Items from a data source:
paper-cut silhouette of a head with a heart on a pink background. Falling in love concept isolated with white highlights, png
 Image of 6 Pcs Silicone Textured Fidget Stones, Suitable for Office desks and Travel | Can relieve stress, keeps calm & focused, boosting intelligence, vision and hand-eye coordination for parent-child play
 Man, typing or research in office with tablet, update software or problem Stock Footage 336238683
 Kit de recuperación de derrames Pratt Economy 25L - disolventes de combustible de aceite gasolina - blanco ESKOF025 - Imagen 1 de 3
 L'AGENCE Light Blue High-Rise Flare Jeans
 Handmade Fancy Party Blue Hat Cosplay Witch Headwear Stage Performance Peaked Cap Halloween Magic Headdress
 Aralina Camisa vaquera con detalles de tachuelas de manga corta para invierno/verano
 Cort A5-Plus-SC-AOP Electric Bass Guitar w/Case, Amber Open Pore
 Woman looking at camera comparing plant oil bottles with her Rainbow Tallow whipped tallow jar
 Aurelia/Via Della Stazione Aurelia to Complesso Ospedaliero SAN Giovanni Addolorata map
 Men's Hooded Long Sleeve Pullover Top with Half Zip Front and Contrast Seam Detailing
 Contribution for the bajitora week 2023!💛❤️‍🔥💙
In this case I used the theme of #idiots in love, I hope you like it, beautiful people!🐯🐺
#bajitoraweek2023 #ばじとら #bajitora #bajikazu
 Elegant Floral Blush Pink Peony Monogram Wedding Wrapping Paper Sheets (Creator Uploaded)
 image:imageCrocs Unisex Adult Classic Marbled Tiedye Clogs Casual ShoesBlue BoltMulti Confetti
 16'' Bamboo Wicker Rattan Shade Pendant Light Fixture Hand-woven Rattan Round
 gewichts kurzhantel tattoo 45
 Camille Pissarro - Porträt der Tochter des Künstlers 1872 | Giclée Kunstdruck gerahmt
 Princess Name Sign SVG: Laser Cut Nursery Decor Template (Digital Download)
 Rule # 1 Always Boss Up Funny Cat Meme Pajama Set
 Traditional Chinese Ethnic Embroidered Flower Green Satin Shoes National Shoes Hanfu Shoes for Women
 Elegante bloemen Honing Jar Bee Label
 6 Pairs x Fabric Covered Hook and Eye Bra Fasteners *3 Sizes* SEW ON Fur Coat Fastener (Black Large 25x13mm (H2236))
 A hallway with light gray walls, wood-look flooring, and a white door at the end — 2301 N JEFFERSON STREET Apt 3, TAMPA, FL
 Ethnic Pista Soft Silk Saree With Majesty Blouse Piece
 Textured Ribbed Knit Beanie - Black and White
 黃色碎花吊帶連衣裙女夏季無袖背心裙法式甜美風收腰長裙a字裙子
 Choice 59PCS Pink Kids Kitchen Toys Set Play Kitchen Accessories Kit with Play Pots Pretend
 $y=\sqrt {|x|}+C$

__About this task__: Please copy each line of the records above in which the word "bajitora" can be found.

__Response to the task__:
 Contribution for the bajitora week 2023!💛❤️‍🔥💙
#bajitoraweek2023 #ばじとら #bajitora #bajikazu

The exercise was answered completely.